С виду ему лет под шестьдесят, держится он прямо» строен, не очень высок, скорее худощав, чем плотен. Я видел, как он садился в карету, собираясь уезжать. В его манере, когда он проходил сквозь толпу зевак, прикладывать палец к шляпе, почти не склоняя головы, было нечто удивительно благожелательное.
Гёте с нескрываемым интересом слушал меня.
— Что ж, вам посчастливилось увидеть еще одного героя, а это что-нибудь да значит.
Мы заговорили о Наполеоне, и я высказал сожаление, что его не видел.
— Что и говорить, — сказал Гёте, — на него стоило взглянуть. Квинтэссенция человечества!
— И это сказывалось на его наружности? — спросил я.
— Он был квинтэссенцией, — отвечал Гёте, — и по нему было видно, что это так, — вот и все.
Я сегодня принес Гёте весьма примечательное стихотворение, о котором говорил ему еще несколько дней назад, стихотворение, им самим написанное, но он за давностью лет его уже не помнил. Оно было напечатано в начале 1766 года в «Зихтбаре», газете, выходившей тогда во Франкфурте; старый слуга Гёте привез это стихотворение в Веймар, ко мне же оно попало через его потомков. Не подлежало сомнению, что это было старейшее из всех известных нам стихотворений Гёте. Тема его — сошествие Христа в ад, причем больше всего меня удивило, как легко давалось юному автору религиозное мышление. По духу своему это стихотворение словно бы вышло из-под пера Клопштока, но написано оно было совсем по-другому: сильнее, свободнее и легче, больше в нем было энергии, совершеннее форма. Удивительный его пыл свидетельствовал о мощной, бурливой юности. Поскольку материала в нем было недостаточно, оно как бы вращалось вокруг собственной оси и потому вышло длиннее, чем следовало бы.

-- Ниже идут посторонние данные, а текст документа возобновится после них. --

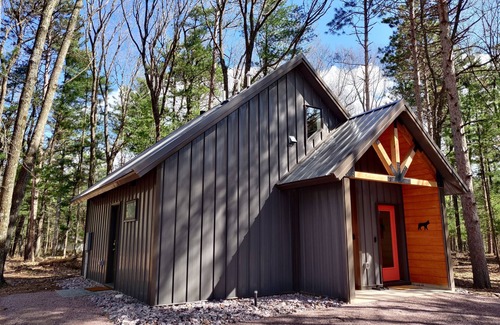 Wisconsin Dells Cabin | Bobcat Cabin @ Orange Tractor Retreat: a new, modern cabin on 40 private acres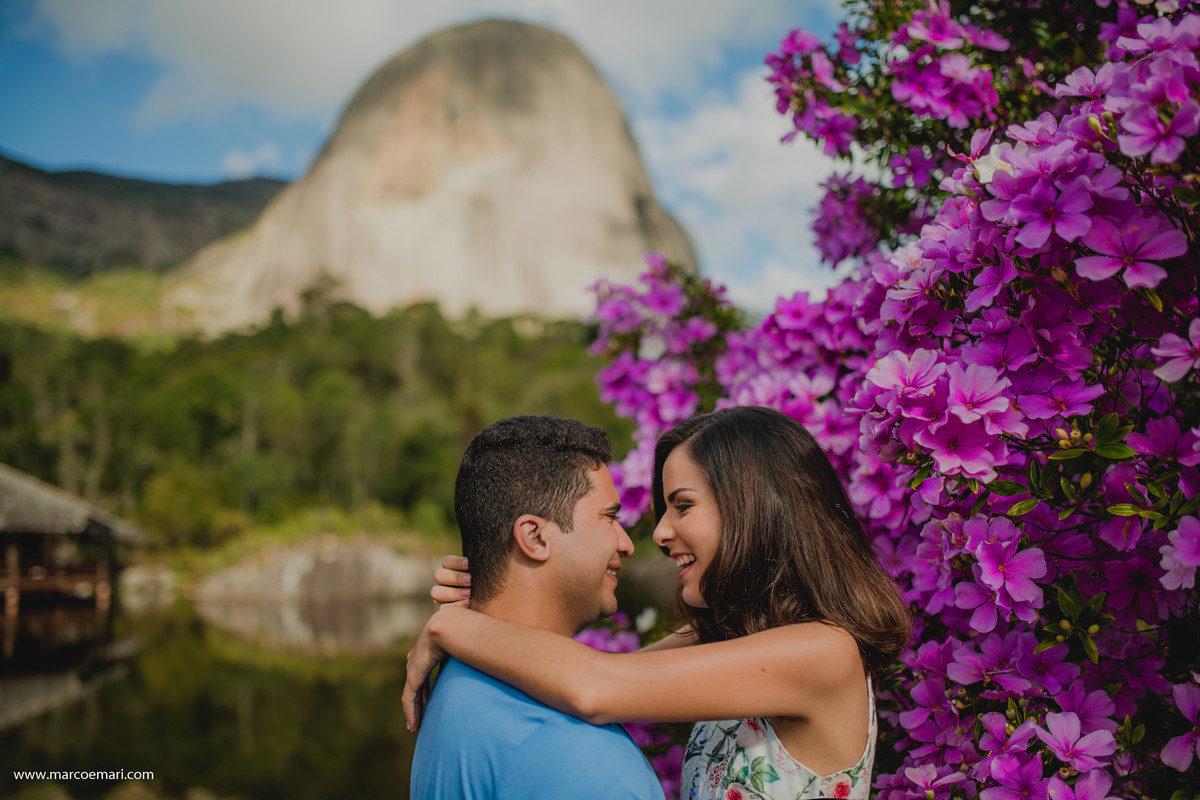 pre casamento, e session, save the date, flores, pedra azul, ensaio romantico, fotografo do espírito santo, fotografia de casamento,  campo de flores,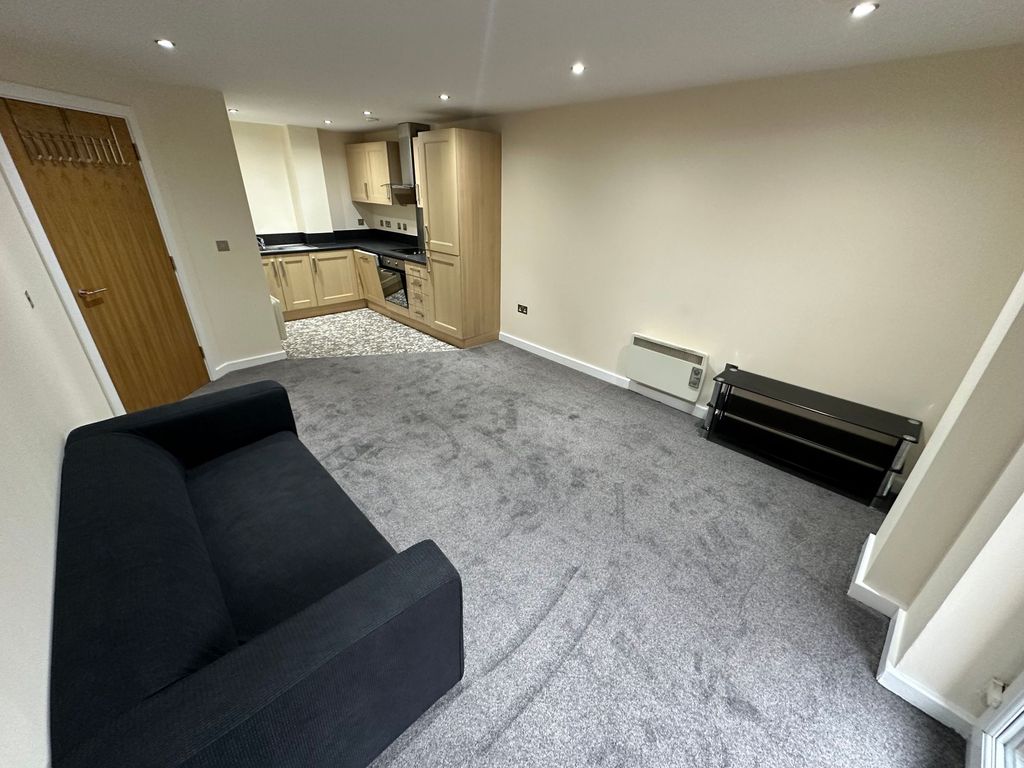 Property photo 3 of 7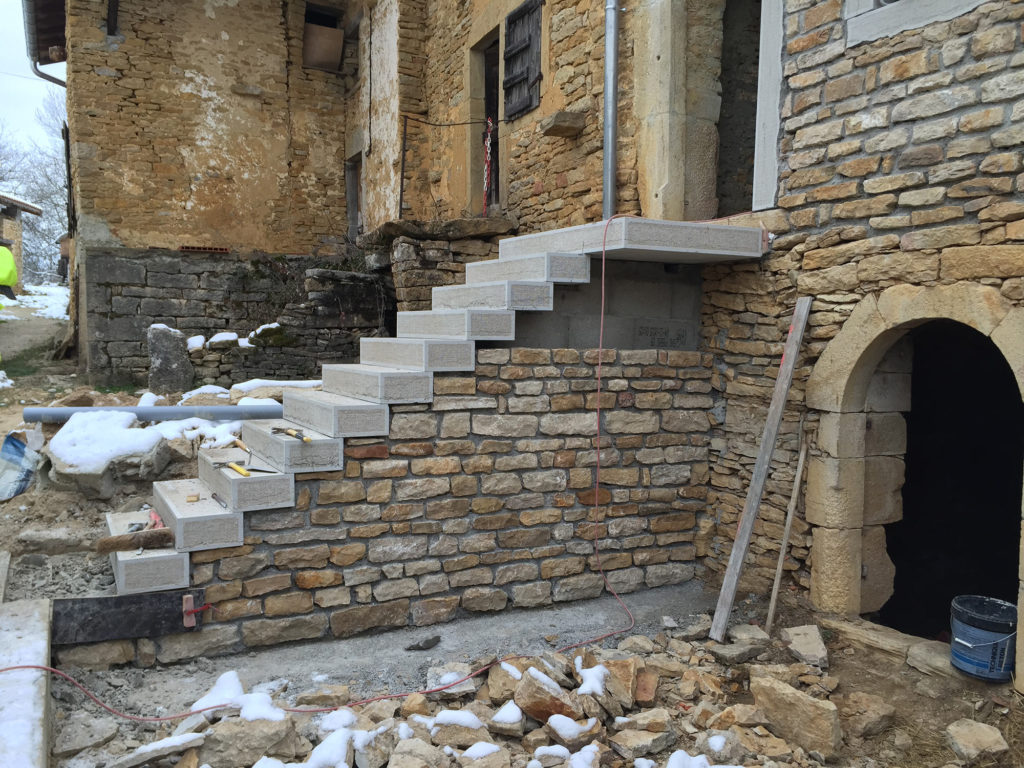 RENOVATION MAISON DE VILLAGE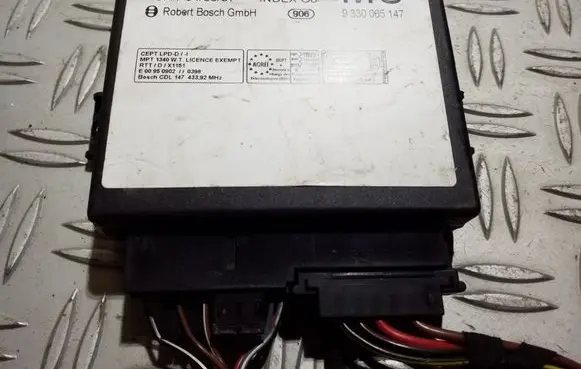 Opel Vectra B Door central lock control unit/module 90464713 9330065147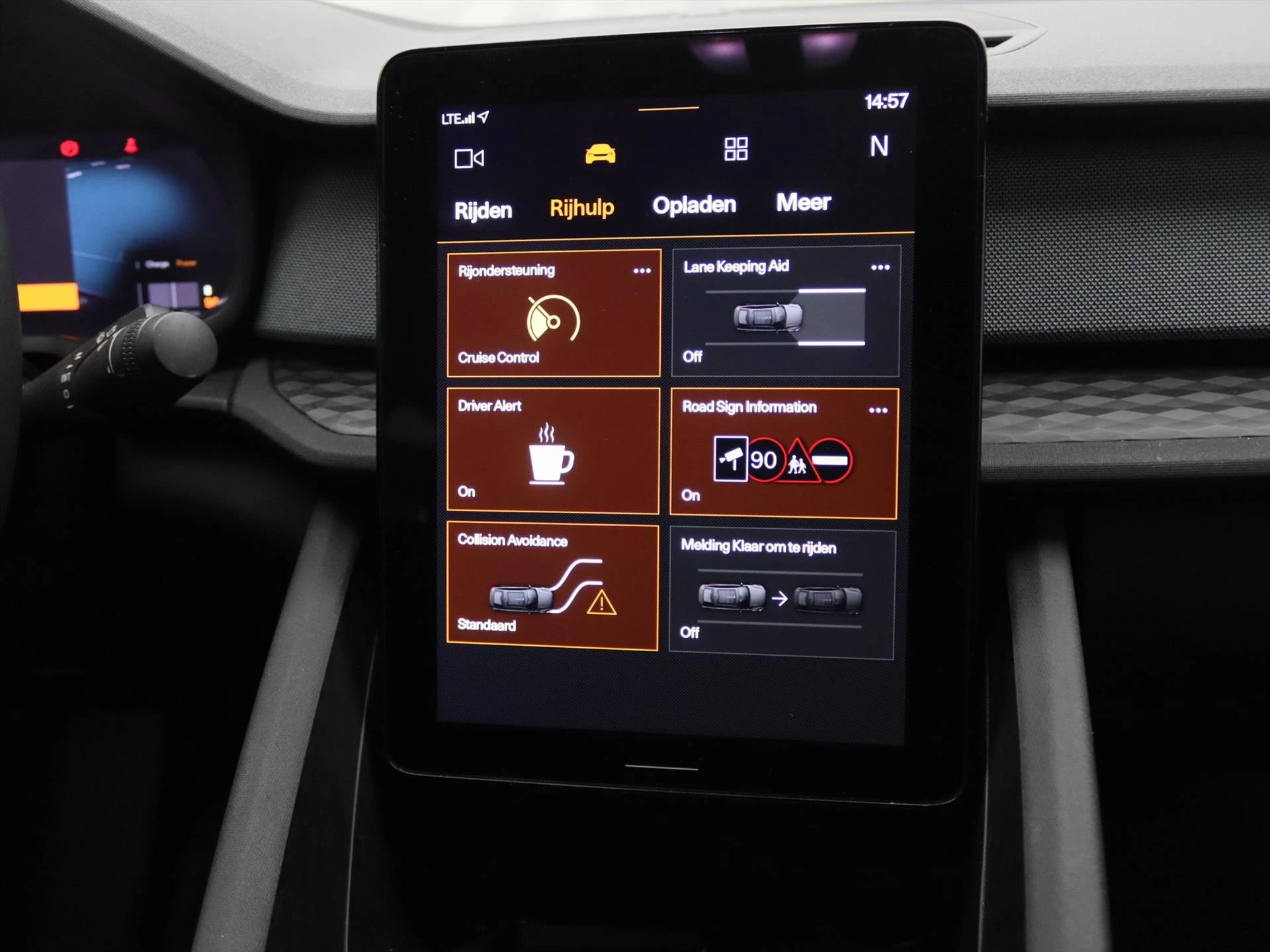 Hoofdafbeelding Polestar 2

Я положил перед Гёте пожелтевший, уже рассыпающийся листок, и он, взглянув на него, вспомнил свое стихотворение.
— Возможно, — сказал он, — что это фрейлейн фон Клеттенберг побудила меня его написать, в заголовке стоит, «сочинено согласно просьбе»; не знаю, кто еще из моих друзей мог предложить мне подобную тему. Мне тогда вечно не хватало материала, и я бывал счастлив, когда подворачивалось что-то, что я мог воспеть. На днях я наткнулся на стихотворение той поры, написанное по-английски, в нем я сетовал на недостаток поэтических тем. Нам, немцам, в этом смысле туго приходится, наша праистория тонет во мраке, а позднейшая из-за отсутствия единой династии не представляет общенационального интереса. Клопшток попытал было силы на Германе, но эта тема слишком далека от нас, в ней никто не заинтересован, никто не знает, что она, собственно, такое, а потому его труд ни на кого не произвел впечатления и популярности ему не снискал. То, что я напал на Геца фон Берлихингена, — большая моя удача. Он ведь был плоть от плоти моей, а значит, я многое мог из него сделать.